Open wolverdude opened 4 years ago
@lagerros I created this based on our conversation Monday. The specification is a bit vague (could just be my memory being fuzzy), but I believe this is what you wanted. Is there a person on the modeling team I can contact for nailing down the acceptance criteria?
Check out the "Multiple parameter spec" tab. https://docs.google.com/spreadsheets/d/1IxPMadPxjnphWSKG_6PxmsrCLoXe3cHGp1Ok9kcddPk/edit#gid=1831691945
There's a new column with a toggle where you can select the parameter you want to change, for each row.
I don't know how definition.py
works, so I don't know the extent to which refactoring is needed to enable this.
Some nuances:
1) Parameters for "Seasonality" and "Airline traffic" can only have one value throughout the entire simulation and all locations.

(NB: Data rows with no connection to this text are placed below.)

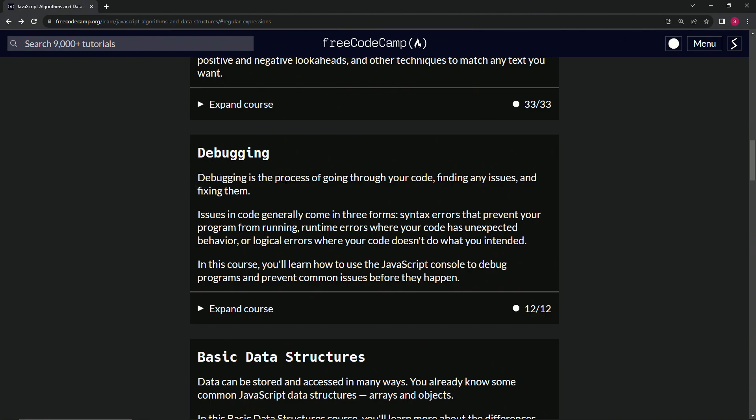Debugging is the process of going through our code, finding any issues and fixing them. Issues in code generally come in three forms: syntax errors that prevent our program from running, runtime errors where our code has unexpected behavior, or logical errors where our code doesn't do what we intended.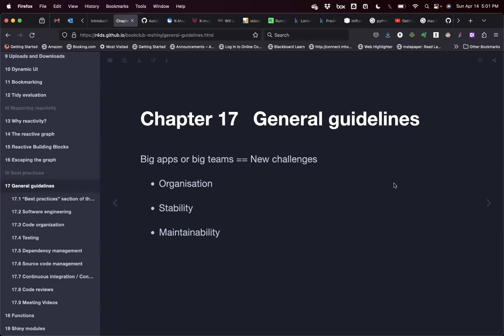We are continuing discussing the Mastering Shiny textbook from Hadley Wickham. We're already in the final section called Best Practices. We're going to start with Chapter 17. These are some general guidelines — there's really no code in this chapter. It's general guidelines the author recommends for developing more complex apps or when sharing our code with different persons in a team or project.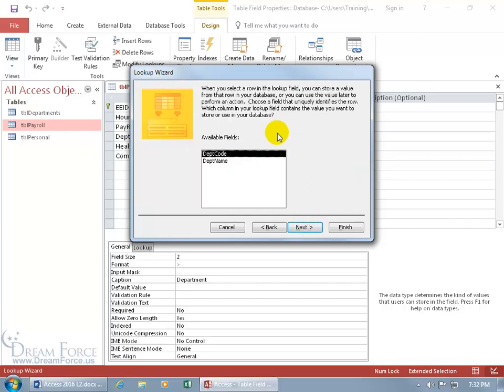and then it says when you select a row in the lookup field, you can store a value from that row in your database, or you can use the values later to perform an action. So choose a field that uniquely identifies the row, which is going to be the primary key. That's the unique identifier, so we'll leave it as is here, the department code, primary key, code field, and click next.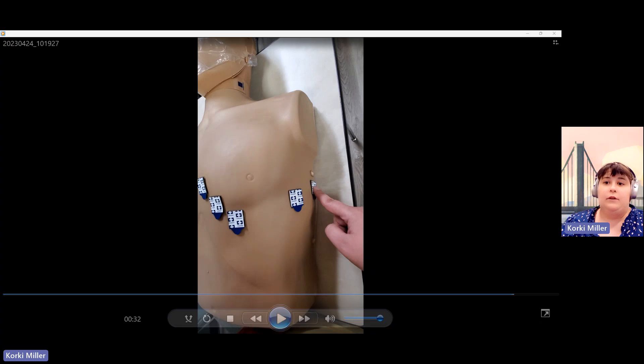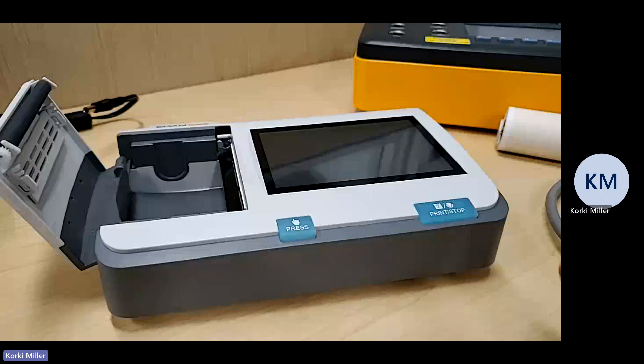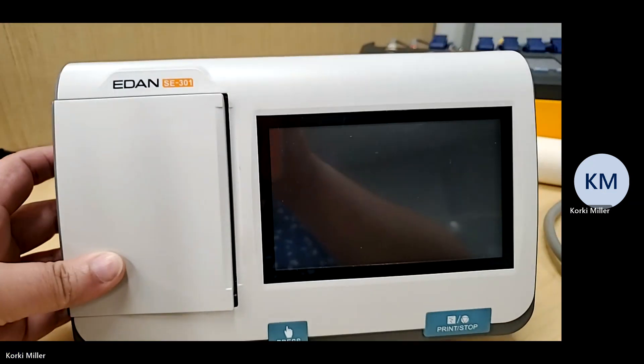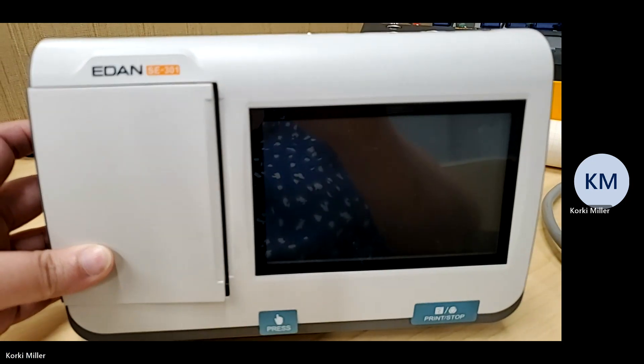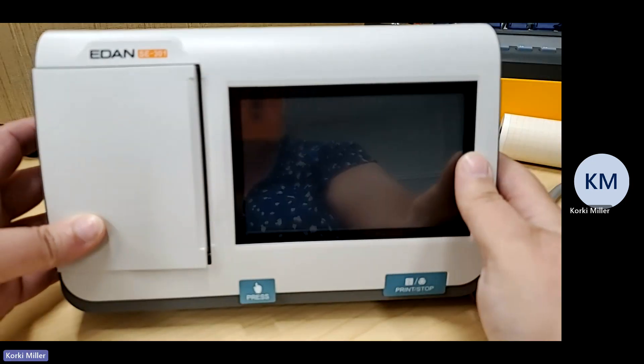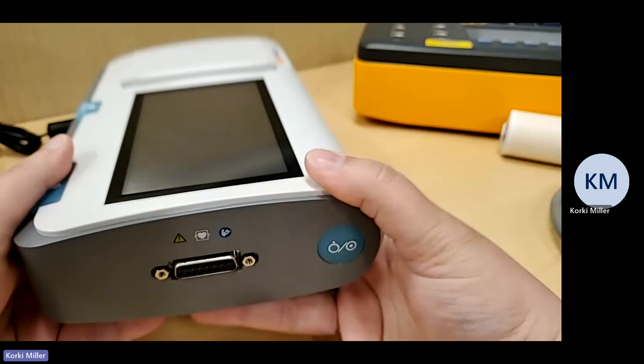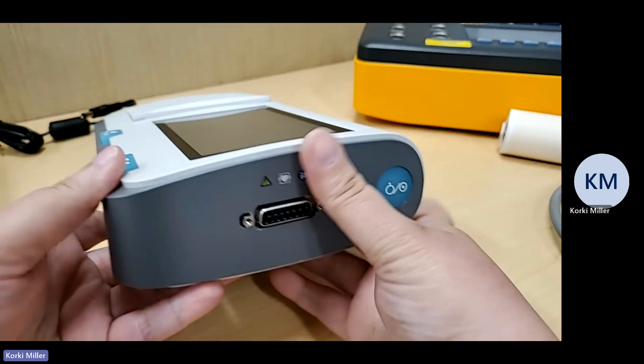Now we're going to switch over to the operation of the unit itself. Close my camera, but you'll still be able to hear me. I got to switch cameras. This is your SC301. It is a portable EKG unit. It is touchscreen and it is water typed.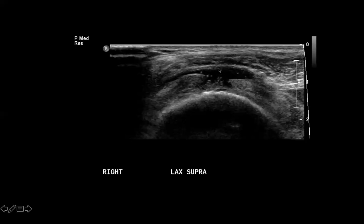Notice that the supraspinatus tendon has a complete defect because we have some tendon fibers here and some here, with a large anechoic defect in the tendon. In fact, these tendon fibers have been retracted. The tear of the supraspinatus involves the entire thickness of the tendon because it goes all the way from the articular surface at the humeral head all the way to the bursal surface. This is in fact a full thickness rotator cuff tear.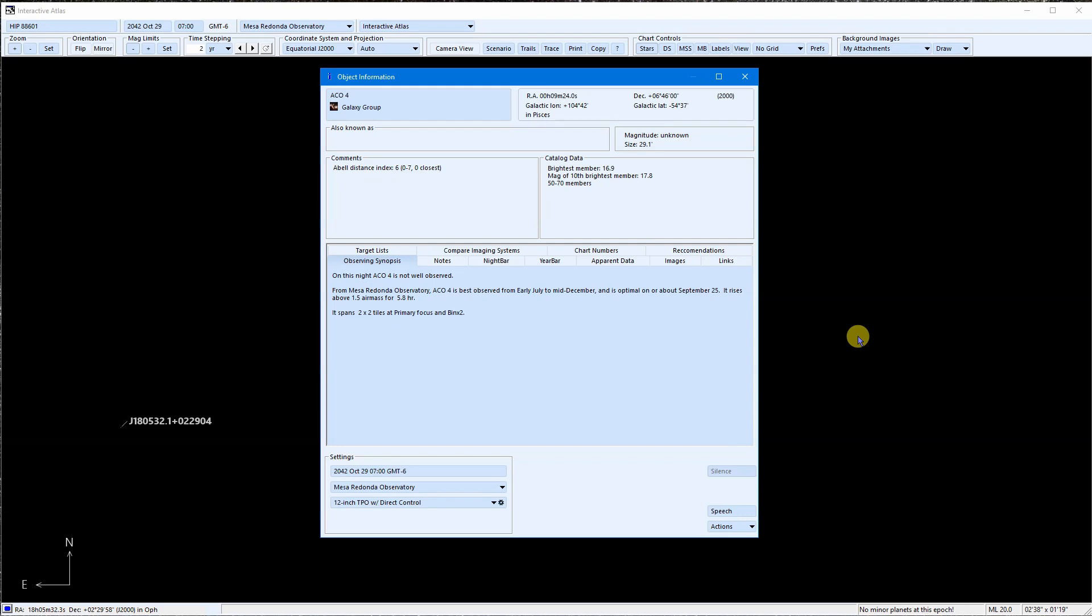There is basic catalog info here at the top. We can customize the location, imaging system, or date time down here. These tabs hold a wealth of information.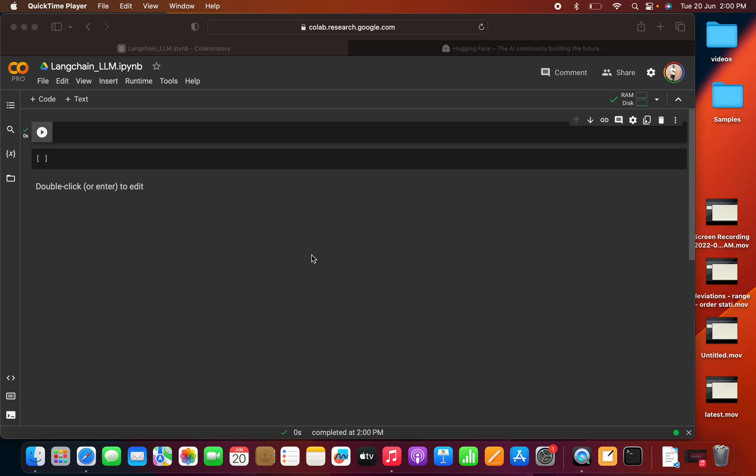Welcome to my YouTube channel. So we are continuing our discussion with Langchain. In our last video, we discussed how we can use Langchain with OpenAI. In this video, we will be discussing how we can use an LLM model from HuggingFace hub.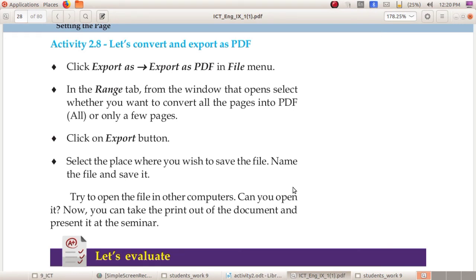Our chapter is over. If you have any doubts, contact me. In the next class we will start the third chapter. You need to write one-word questions and answers for this chapter and send them to me through WhatsApp. Thank you.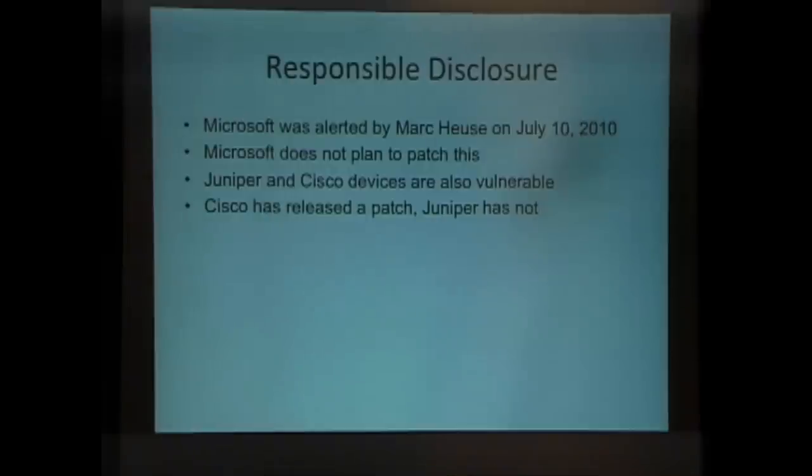Random other networking devices are vulnerable. Anybody that has a sloppily written IP version 6 stack will be vulnerable. Cisco and Juniper devices were vulnerable. Cisco patched their stuff, and Juniper did not. Juniper says they're going to wait for IETF to do something.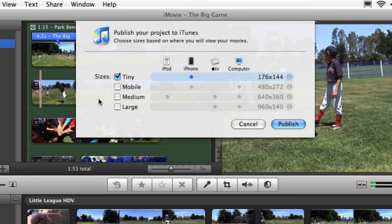Medium size is best for viewing on your iPod. For your iPhone, tiny and mobile sizes are best. For Apple TV, you'll want to select medium or large.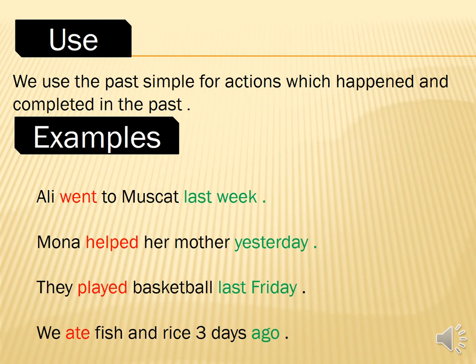How do we use the past simple tense? We use the past simple tense for actions which happened and completed in the past. نستخدم زمن الماضي للتعبير عن الأحداث التي حدثت وانتهت في الماضي. For example: Ali went to Muscat last week — علي ذهب إلى مسقط الأسبوع الماضي.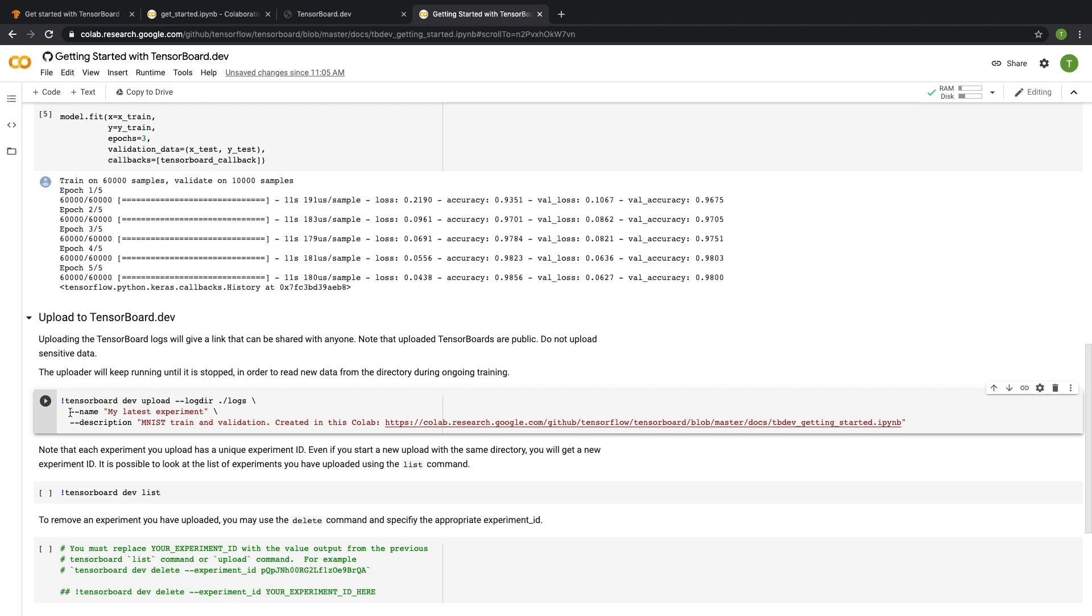If you open the TensorBoard.dev link, you can immediately see what was the Colab that created this, or include a link to the GitHub repository or the paper that you want to reference, or just explain what is really interesting about this TensorBoard.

So they can only be set once for each "Class" in the spreadsheet, and there's no need to provide a location or start date & end date. (Whereas beta, epsilon, mu and imu can vary between locations and times within a single simulation.)
2) Here's a flag for a potential upcoming feature, though it is as of yet uncertain. Currently there's a distinction between:
"Classes" (in other places called "Groups" or "Scenarios) corresponding to the different sidebar buttons you can click on the site
"Traces" corresponding to the different lines drawn within each scenario
At the moment, "Traces" are specified in the colab:
However, this means that all trace settings are taken as a Cartesian product with all "Classes" in the spreadsheet. In future, we might want to allow defining different traces for each Class, from within the spreadsheet. (For example, you might want to say that in the "Strong" scenario we visualise uncertainty over incubation period; whereas in the "Weak" scenario we visualise uncertainty over Seasonality.)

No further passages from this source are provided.